In a city like Syracuse, where snow and rain are always an issue, pitched roofs and good gables are essential (and those modern and contemporary architects how have opted for flat roofs have caused much anguish in the last half-century to building owners). High pitched roofs also provide ample attics, and these attics often get decorative windows.

The result is a visually rich experience for any neighborhood walker who bothers to look. Changes in houses over almost a century have created additional variations - some good, but unfortunately in recent years - mostly bad. Details have been stripped off, vinyl siding has often covered the original varied patterns of clapboards and shingles, and standardized windows have replaced more detailed originals. Still, there is much to see.

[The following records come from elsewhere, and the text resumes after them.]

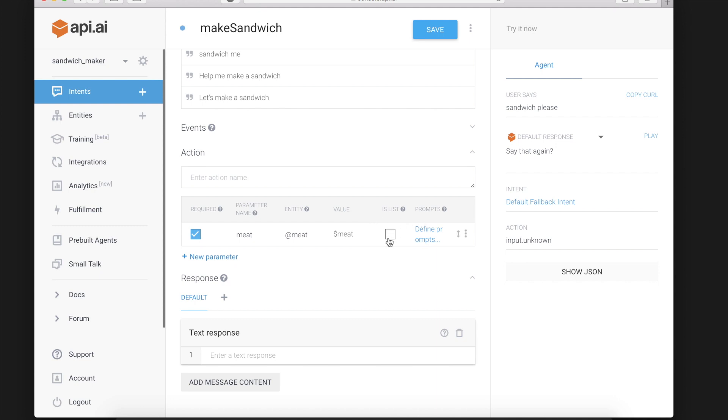Now we could make it is list because if you're making a sandwich you could use more than one meat. But for the example I'm just going to leave that unchecked and we will get back to is list later.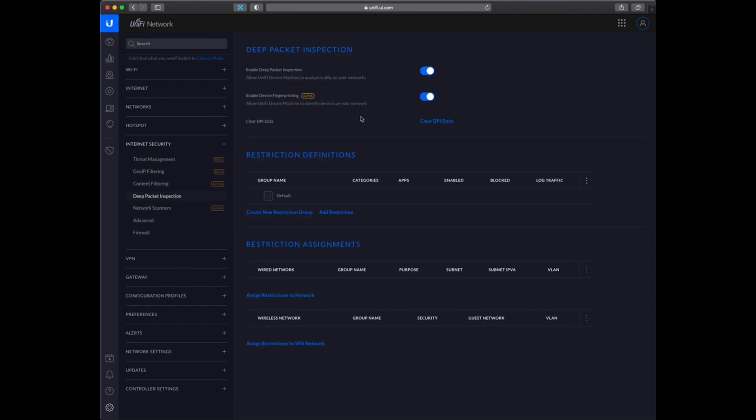Deep packet inspection is on. So that is what you saw in the beginning, that I could see what was going on on the network.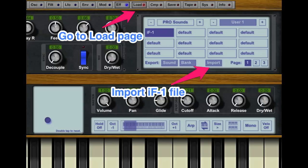Finally, go back to your iPad, open N-Log, go to the load menu and import the patch.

Yesterday was a sunny winter day and I decided to walk from my house on Clarke Street off Westcott Street down to the new Center of Excellence, which was hosting tours and an open house. I had my camera and along the way I photographed many of the house gables I passed on the east side of Westcott Street and Columbus Avenue, and the north side of East Fayette and East Genesee Streets.

None of these streets are in historic districts and none benefit from protective design overlays. These neighborhoods would be described as mostly poor or lower middle class, and not all the houses are well maintained. But many are, and others have been rehabbed in recent years by housing not-for-profits. Some of these projects have maintained original buildings features, others have stripped them away with gusto.

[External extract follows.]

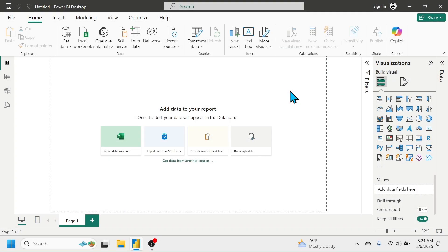Welcome back to this chapter 2 video tutorial on the Power BI basic to advanced video series. In this chapter you will learn connecting data to Power BI and editing or transforming the data by using Power Query Editor. First of all, let's look into how to connect data to Power BI.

My message is that when the ice and snow on the pavements are shoveled and you to look up instead of where you are walking - do so. The gables around Syracuse are one of the many features that contribute to our livable neighborhoods. My neighborhood is celebrated for its economic, racial and ethnic diversity. It is also an attractive place for its visual diversity - and that is something we must maintain. Its usually not an issue of cost - but of awareness and sensitivity. Typically people homeowners who live in the neighborhood do their best to keep them looking nice and to protect the building details. But its the absentee landlords - of whom there are many - that strip away the beauty and variety of our neighborhoods - and our city. The big urban good can come from paying attention to little urban details.